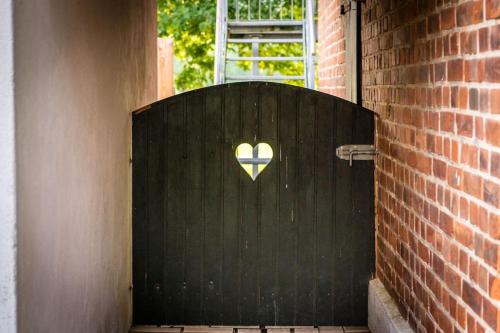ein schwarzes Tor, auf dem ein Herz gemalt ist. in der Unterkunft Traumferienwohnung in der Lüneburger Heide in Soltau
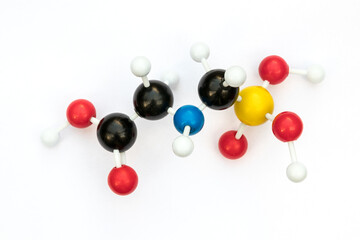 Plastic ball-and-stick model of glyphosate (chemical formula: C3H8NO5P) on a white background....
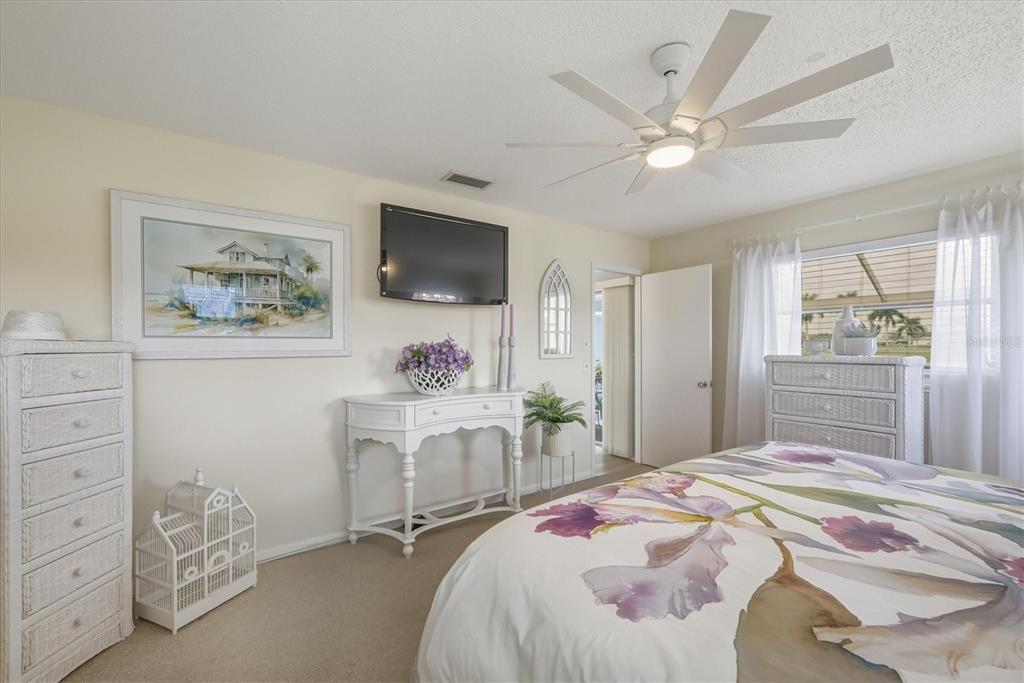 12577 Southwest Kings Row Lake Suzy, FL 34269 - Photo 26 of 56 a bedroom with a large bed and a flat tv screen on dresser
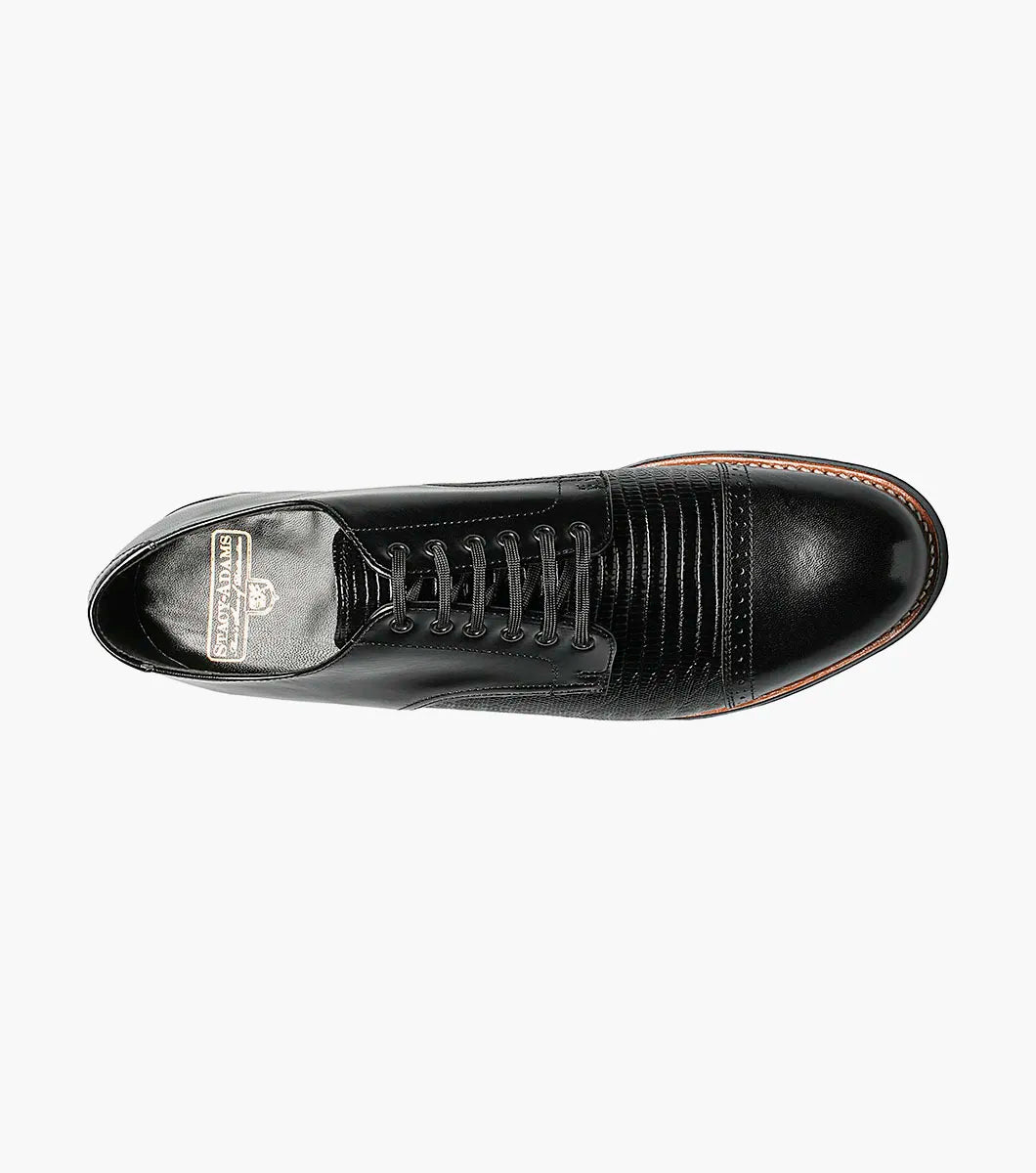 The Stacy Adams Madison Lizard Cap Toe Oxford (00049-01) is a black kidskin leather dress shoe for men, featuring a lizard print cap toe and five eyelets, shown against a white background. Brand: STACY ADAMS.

-----

> EXERCISE GOAL
Starting with the line that contains "12577 Southwest Kings", reproduce every line to the end of the material above, both end lines included, exactly and with no pictures.

> TASK RESULT
 12577 Southwest Kings Row Lake Suzy, FL 34269 - Photo 26 of 56 a bedroom with a large bed and a flat tv screen on dresser
 The Stacy Adams Madison Lizard Cap Toe Oxford (00049-01) is a black kidskin leather dress shoe for men, featuring a lizard print cap toe and five eyelets, shown against a white background. Brand: STACY ADAMS.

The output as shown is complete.